What the task requires — Copy out the data line by line exactly, from its start to the line bearing "Acute loss of", inclusive.
+---+
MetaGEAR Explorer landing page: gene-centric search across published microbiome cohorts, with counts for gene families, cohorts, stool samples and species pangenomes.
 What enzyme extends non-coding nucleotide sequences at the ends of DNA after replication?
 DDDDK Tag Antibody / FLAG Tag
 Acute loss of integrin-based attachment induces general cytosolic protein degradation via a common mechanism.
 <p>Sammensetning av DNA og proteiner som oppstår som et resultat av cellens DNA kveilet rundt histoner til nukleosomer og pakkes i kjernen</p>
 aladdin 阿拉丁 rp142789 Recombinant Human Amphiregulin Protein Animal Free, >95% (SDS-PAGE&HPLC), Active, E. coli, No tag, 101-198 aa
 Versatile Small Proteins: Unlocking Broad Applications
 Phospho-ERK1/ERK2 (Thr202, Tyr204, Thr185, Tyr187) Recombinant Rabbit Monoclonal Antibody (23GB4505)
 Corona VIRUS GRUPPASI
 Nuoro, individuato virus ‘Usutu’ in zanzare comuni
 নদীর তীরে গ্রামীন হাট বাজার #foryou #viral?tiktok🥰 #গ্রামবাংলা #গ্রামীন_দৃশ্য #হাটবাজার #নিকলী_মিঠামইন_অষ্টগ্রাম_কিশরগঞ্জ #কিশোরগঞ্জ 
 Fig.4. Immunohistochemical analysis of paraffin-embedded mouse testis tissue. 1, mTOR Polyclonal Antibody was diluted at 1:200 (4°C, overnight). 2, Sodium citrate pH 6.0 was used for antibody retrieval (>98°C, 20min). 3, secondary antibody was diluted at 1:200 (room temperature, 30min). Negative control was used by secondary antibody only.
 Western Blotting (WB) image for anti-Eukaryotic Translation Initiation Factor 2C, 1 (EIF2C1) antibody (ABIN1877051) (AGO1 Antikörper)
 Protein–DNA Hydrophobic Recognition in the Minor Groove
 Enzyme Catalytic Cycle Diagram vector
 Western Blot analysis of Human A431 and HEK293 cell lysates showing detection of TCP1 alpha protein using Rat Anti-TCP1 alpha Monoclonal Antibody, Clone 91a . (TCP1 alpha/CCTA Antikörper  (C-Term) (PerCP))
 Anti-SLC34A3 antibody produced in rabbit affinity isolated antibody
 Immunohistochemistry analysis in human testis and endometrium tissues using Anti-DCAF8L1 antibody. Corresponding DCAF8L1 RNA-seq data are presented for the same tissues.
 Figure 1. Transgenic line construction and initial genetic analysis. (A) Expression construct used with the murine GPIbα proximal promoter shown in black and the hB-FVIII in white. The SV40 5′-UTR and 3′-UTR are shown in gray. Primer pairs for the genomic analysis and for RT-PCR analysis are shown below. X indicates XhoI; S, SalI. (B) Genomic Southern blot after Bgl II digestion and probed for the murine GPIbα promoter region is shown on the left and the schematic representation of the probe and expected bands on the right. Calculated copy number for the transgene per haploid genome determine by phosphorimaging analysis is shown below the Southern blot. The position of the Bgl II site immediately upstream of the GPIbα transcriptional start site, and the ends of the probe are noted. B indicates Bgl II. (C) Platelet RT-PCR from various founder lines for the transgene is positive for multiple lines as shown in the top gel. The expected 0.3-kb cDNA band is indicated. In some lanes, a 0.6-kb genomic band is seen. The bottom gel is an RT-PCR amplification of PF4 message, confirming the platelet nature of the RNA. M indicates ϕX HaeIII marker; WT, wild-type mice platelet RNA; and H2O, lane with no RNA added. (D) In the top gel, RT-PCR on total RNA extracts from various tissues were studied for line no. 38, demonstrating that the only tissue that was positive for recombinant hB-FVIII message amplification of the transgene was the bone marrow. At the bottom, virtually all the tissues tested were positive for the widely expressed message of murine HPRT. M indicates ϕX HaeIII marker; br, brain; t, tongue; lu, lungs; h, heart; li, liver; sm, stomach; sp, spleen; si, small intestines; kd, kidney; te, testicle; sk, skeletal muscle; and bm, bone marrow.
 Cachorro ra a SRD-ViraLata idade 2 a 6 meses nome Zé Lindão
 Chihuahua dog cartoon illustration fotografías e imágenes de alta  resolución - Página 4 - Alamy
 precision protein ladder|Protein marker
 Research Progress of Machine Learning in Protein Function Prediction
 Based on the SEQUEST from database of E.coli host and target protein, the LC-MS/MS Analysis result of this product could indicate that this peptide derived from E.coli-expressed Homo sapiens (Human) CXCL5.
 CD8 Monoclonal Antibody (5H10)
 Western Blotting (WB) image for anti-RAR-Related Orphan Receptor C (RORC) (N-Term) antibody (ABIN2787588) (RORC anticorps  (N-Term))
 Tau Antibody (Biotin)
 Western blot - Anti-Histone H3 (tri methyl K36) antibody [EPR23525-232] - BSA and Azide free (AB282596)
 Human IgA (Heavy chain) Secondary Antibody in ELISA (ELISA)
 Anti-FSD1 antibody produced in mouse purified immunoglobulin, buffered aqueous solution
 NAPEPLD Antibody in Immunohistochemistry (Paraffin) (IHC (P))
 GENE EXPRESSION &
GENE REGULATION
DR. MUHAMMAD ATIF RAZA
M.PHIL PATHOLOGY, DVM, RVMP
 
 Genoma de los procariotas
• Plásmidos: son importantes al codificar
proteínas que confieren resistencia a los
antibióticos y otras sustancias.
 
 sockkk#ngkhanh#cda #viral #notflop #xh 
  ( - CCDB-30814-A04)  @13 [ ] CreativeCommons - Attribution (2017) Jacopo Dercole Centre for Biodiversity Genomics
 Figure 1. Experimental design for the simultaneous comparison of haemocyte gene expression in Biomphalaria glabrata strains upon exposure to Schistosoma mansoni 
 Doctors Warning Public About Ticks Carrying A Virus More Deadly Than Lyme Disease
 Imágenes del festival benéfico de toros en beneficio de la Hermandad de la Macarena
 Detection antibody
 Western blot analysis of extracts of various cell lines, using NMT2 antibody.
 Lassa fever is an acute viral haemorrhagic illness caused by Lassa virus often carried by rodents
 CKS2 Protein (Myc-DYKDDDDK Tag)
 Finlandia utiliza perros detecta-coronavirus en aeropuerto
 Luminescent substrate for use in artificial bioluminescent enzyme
+---+
Solution below —
MetaGEAR Explorer landing page: gene-centric search across published microbiome cohorts, with counts for gene families, cohorts, stool samples and species pangenomes.
 What enzyme extends non-coding nucleotide sequences at the ends of DNA after replication?
 DDDDK Tag Antibody / FLAG Tag
 Acute loss of integrin-based attachment induces general cytosolic protein degradation via a common mechanism.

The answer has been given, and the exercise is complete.